--- Exercise input ---

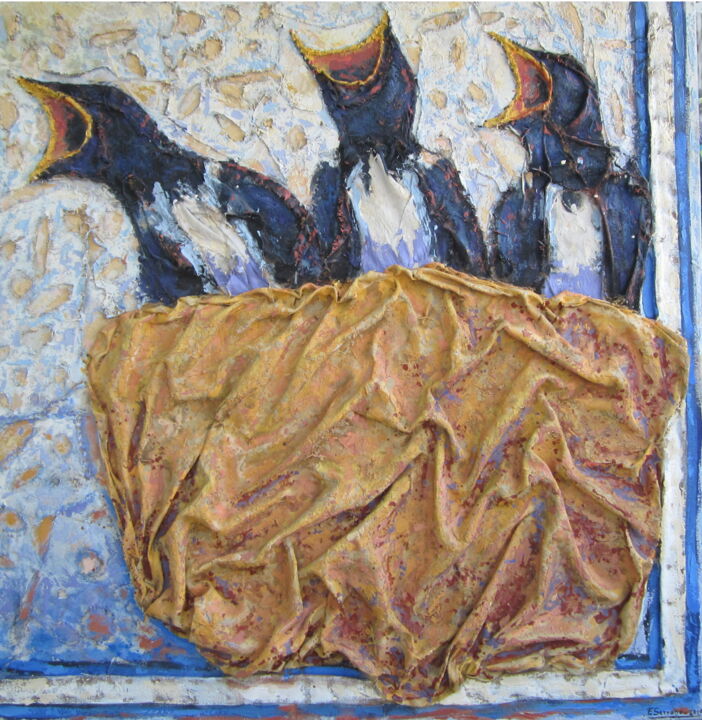 Arte textil titulada "EL NIDO" por Francisco Serrano Gutierrez, Obra de arte original, Tela Montado en Bastidor de camilla d…
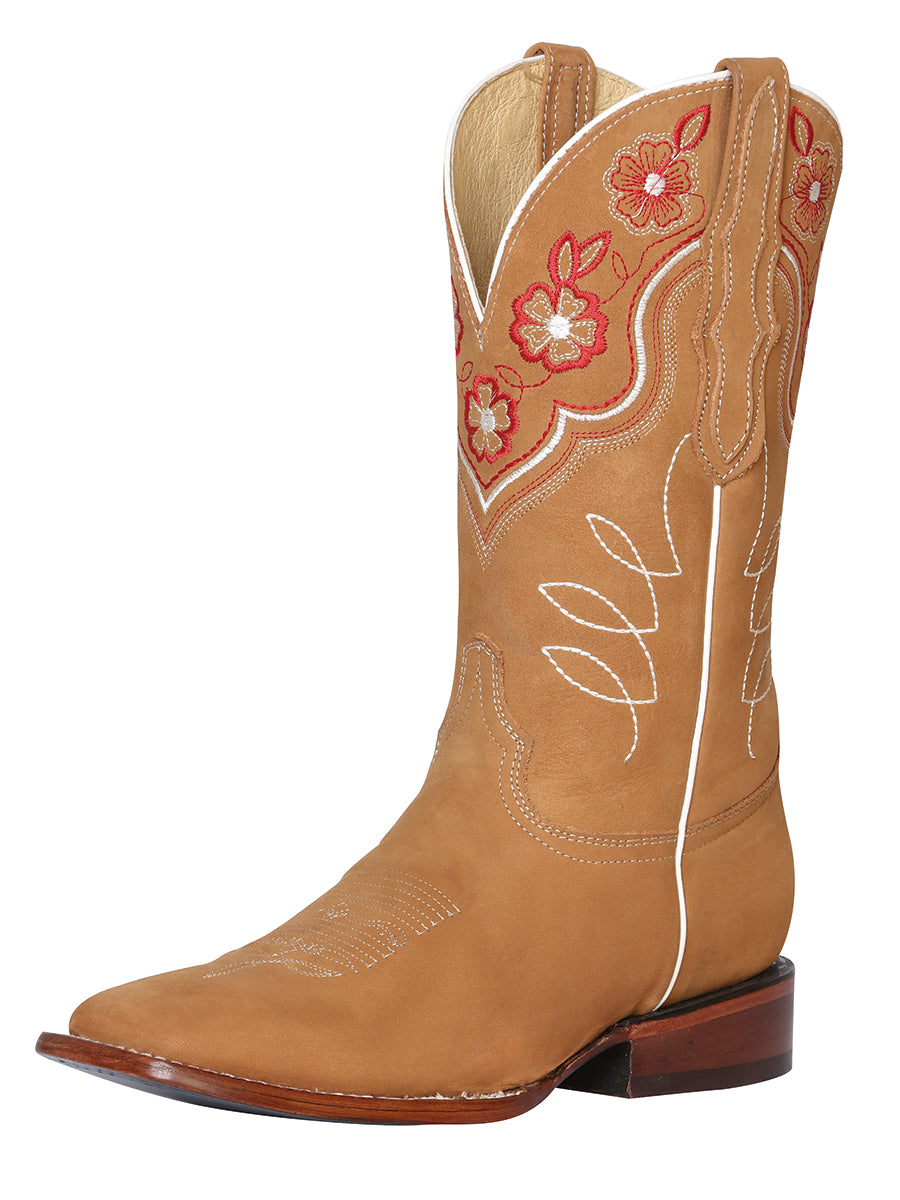 Bota de rodeo El General para mujer - Nobuck Melocotón 42979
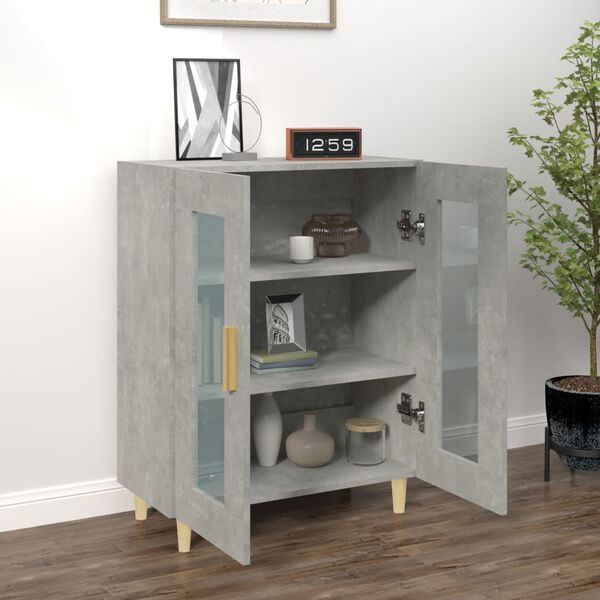 vidaXL Credenza Grigio Cemento 69,5x34x90 cm in Legno Multistrato
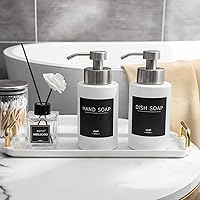 Vista 2 de Foaming Soap Dispenser Set, 12 Oz Glass Hand Soap Dispenser with 304 Rust Proof Stainless Steel Pump, Waterproof Labels, for Bathroom Decor Kitchen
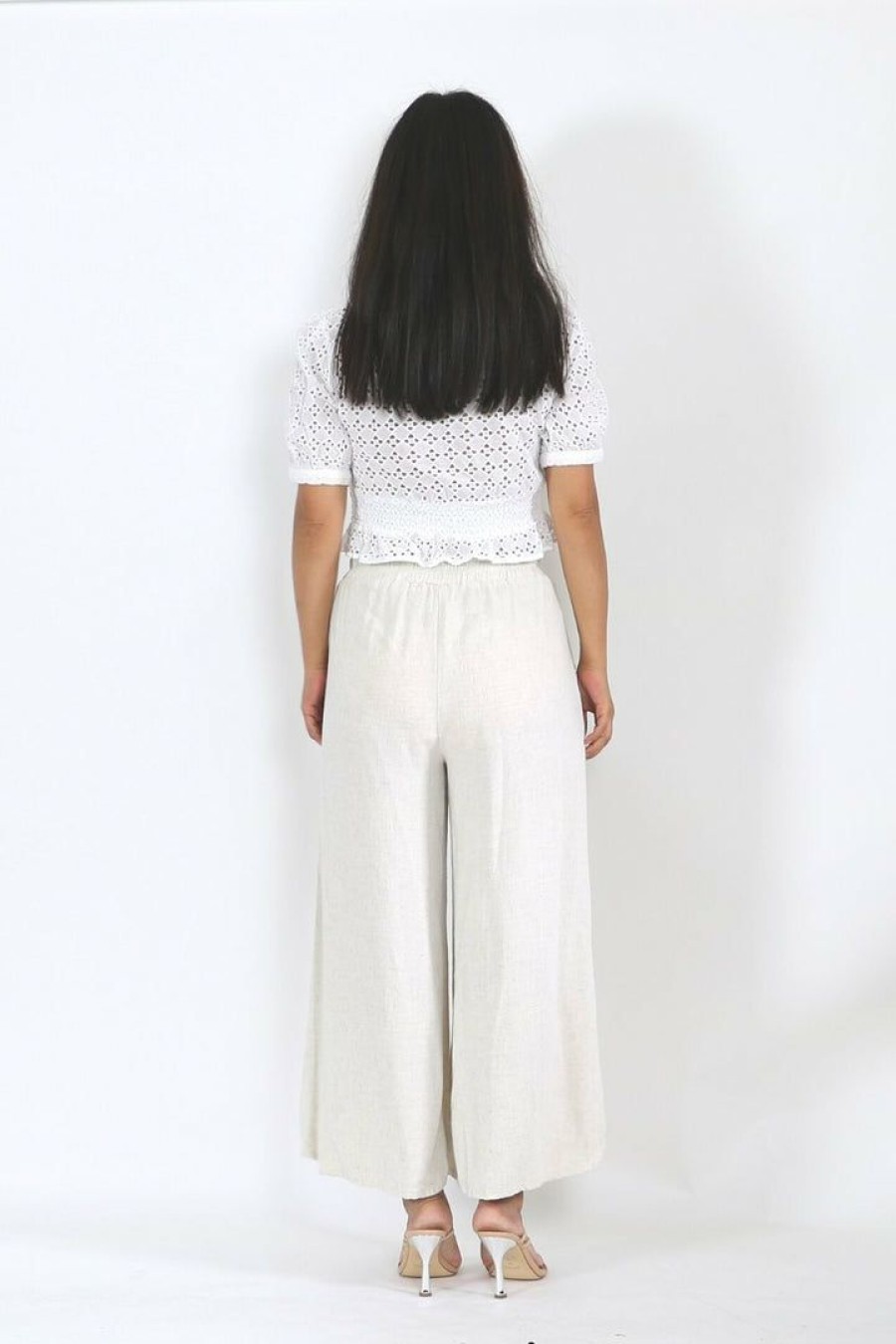 Jeans & Pants * | Final Touch Petite High Waisted Wide Leg Linen Pants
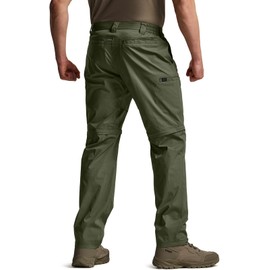 CQR Men's Convertible Cargo Pants, Water Resistant Hiking Pants, Zip Off Lightweight Stretch UPF 50+ Work Outdoor Pants, Runyon Green Kelp, 36W x 32L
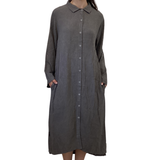 Classic Midi Shirt Dress in Soft Garment Washed Fabric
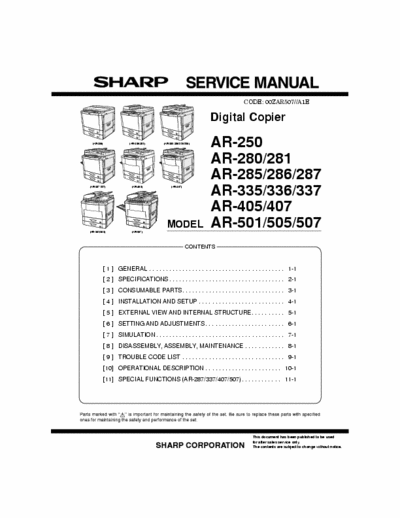 SHARP AR-407/507 SERVICE MANUAL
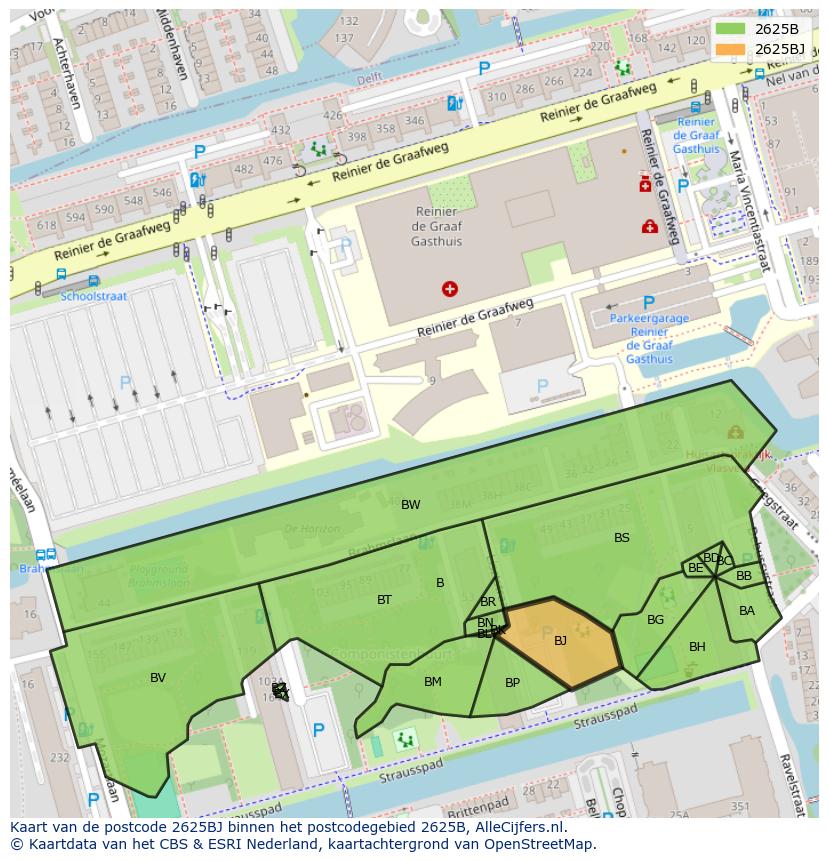Afbeelding van het postcodegebied 2625 BJ op de kaart.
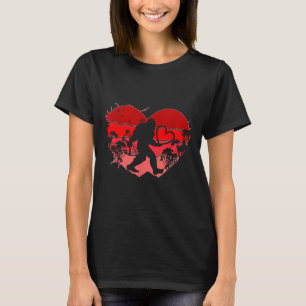 Bigfoot Heart Valentines Day Bigfoot Valentine T-Shirt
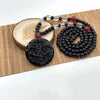 Amitabha Buddha Carved Obsidian Pendant Necklace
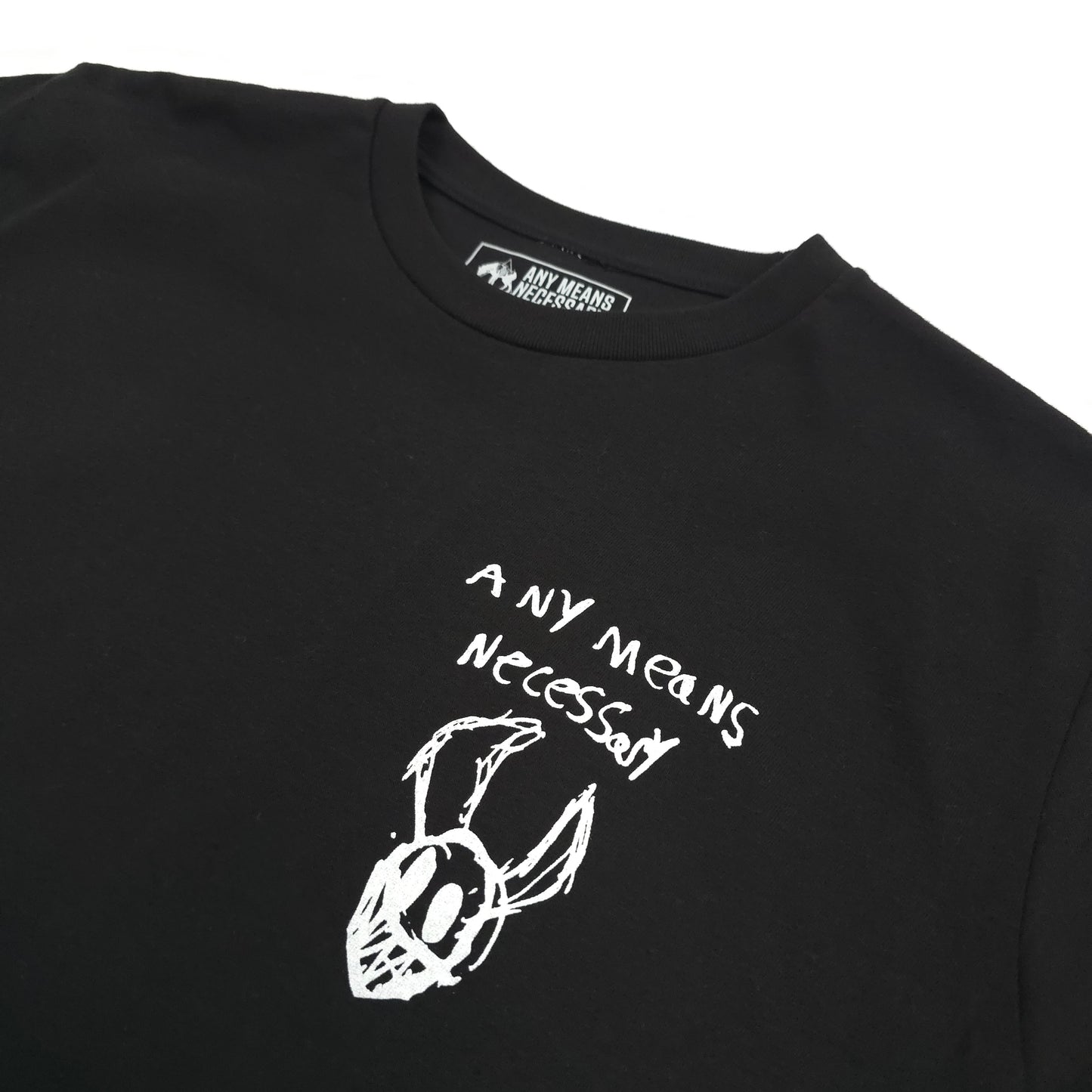 any means necessary shawn coss corrupted youth kids t shirt black front up close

---

=== What the exercise asks ===
Starting with the line that holds "CQR Men's Convertible", transcribe exactly each line through the last one of the material above, and nothing else. Do not include pictures.

=== Result ===
 CQR Men's Convertible Cargo Pants, Water Resistant Hiking Pants, Zip Off Lightweight Stretch UPF 50+ Work Outdoor Pants, Runyon Green Kelp, 36W x 32L
 Classic Midi Shirt Dress in Soft Garment Washed Fabric
 SHARP AR-407/507 SERVICE MANUAL
Afbeelding van het postcodegebied 2625 BJ op de kaart.
 Bigfoot Heart Valentines Day Bigfoot Valentine T-Shirt
 Amitabha Buddha Carved Obsidian Pendant Necklace
 any means necessary shawn coss corrupted youth kids t shirt black front up close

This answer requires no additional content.